The Rosedale Story
Nestled in the heart of Kansas City, Kansas is one of the country's finest barbecues. Located at 600 Southwest Boulevard, Rosedale Bar B Que boasts over seventy years of delicious barbecue and friendly, prompt service. Founded by Anthony Rieke and wife Alda and brother- in-law Anthony "Tony" Sieleman on July 4, 1934, Rosedale Bar B Que began as a neighborhood hot dog and beer stand known as "The Bucket Shop." At the Bucket Shop you could buy a half-gallon bucket full of the coldest beer in town for a quarter.
Beer had just been made legal for a short time and the Rieke's and Sieleman believed they could make a few pennies selling beer…but it wasn't hot dogs that the partners craved. It was barbecue. On the way home each night they could smell "Fatty" Sharp's smoking meats a half-mile down the road. "…and Fatty and his wife would get to arguing, it was like going to a show," Rieke said.
So the following summer with $183 and some pocket change between them, the partners decided to start a new business about 100 feet from their beer stand. They paid their first months rent, bought a $20 occupation license, and their first 16 gallon keg of beer, nailed some tin siding on a 12 by 16 foot frame, moved in and fired up their first barbecue pit. During their first winter, they added sheets of plywood to the inside walls to help keep the customers warm at the nine-seat counter.
"It was 1935 and there was no refrigeration in those days. There was an icehouse down the street so we'd go over there and get a 300lb. block of ice for 75 cents and carry it back over. …that would make it sell, having it cold, real cold. And then people would get hungry while drinking beer. It worked together." (Anthony Rieke)
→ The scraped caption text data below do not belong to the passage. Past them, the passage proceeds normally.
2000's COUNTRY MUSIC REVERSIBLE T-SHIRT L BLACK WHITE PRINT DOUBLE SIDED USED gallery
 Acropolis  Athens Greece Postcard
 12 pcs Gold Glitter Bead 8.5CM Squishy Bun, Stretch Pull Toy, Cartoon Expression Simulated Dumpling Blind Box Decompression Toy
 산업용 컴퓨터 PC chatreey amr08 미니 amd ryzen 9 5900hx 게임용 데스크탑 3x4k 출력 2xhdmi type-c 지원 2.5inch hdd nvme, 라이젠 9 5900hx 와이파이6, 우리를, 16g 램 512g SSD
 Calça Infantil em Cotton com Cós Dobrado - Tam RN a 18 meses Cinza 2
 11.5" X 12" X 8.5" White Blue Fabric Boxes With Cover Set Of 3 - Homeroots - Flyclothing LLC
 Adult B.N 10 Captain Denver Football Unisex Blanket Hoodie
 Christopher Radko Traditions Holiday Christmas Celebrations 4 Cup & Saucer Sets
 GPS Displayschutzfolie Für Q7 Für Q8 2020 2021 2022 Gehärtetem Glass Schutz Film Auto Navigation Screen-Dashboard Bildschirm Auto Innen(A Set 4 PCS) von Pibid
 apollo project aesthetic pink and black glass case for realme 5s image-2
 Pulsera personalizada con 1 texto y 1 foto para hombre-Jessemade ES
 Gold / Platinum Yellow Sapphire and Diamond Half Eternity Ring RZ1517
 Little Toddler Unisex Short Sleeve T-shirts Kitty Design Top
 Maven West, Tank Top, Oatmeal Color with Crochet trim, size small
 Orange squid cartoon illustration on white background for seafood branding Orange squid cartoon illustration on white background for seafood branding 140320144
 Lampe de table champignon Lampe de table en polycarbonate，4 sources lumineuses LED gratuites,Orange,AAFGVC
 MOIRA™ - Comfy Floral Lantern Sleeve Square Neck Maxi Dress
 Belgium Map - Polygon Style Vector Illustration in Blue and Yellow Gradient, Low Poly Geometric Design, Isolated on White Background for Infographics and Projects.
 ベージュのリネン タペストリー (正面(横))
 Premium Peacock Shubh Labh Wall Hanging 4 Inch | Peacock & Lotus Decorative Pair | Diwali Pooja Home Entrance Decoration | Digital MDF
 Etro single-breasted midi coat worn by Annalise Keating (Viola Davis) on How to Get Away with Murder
The venture that was intended to help the partners survive the hardships of the Great Depression turned out to be an American Dream come true for them. As the years passed, business grew as well as the barbecue: initially with the 12' x 16' building and then with Rieke's development of the first practical commercial rotisserie barbecue oven. "I had to make sure the meat would cook evenly so I did a test run personally. I crawled in and rode around in it kind of like a carousel, and it all worked out just fine."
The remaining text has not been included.